副社長は花嫁教育にご執心
ホテルからタクシーで駅の方へ向かう途中に、そのジュエリーショップはあった。
路肩に雪の積もる大通りの角地に立ち、ガラス張りの高級感あふれる外観に、私はしばし口を開けてぽかんとしてしまった。
「お前、アクセサリーとか、買ったことないのか?」
「愚問ですね。忘れていませんか? 私の女子力の低さを……」
本当は一度も買ったことがないわけじゃないけど、こんな本格的なショップに入ったことはないし、買っても面倒で結局つけなくなるからもうずいぶん買っていない。
だから、買ったことないと言っても過言ではないのだ。
「そうか、忘れてたな。でも、初めて買ってやるアクセサリーが結婚指輪っていうのもいいかもな」
「えっ。

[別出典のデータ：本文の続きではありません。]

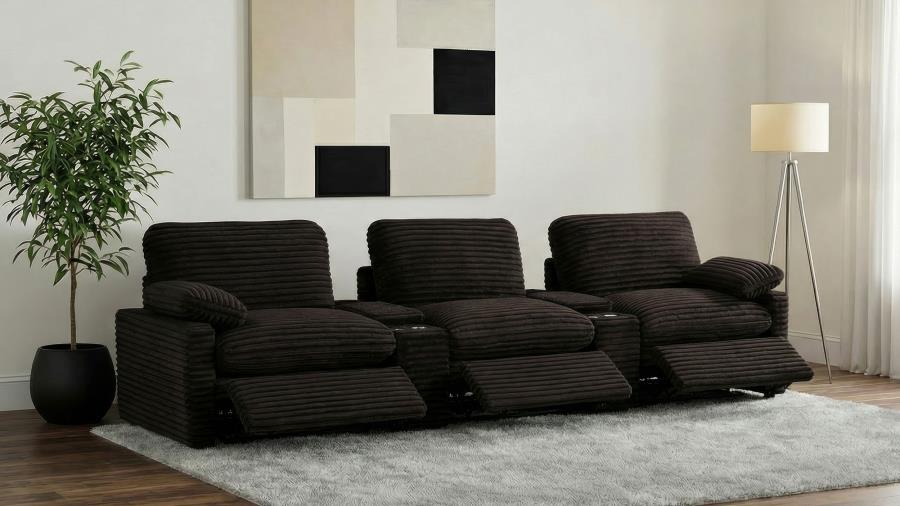 Coaster Collins Chocolate Brown Corduroy Fabric 5-Piece Power Home Theater Seating with Console Centers – 610351PT — product view 2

……えっ?」
サラッと重要な発言をされた気がして、彼の横顔を思わず二度見してしまう。
も、もしかしてこのお店に来た目的って……。
「遅くなって悪い。籍入れる事にばっかり気をとられて大事な指輪を用意してなかったって、最近になって気づいたんだ」
灯也さんはそう言って、ばつが悪そうに笑った。
そっか……結婚には指輪がつきもの……! ようやく気付いた私の表情が、ぱああっと輝く。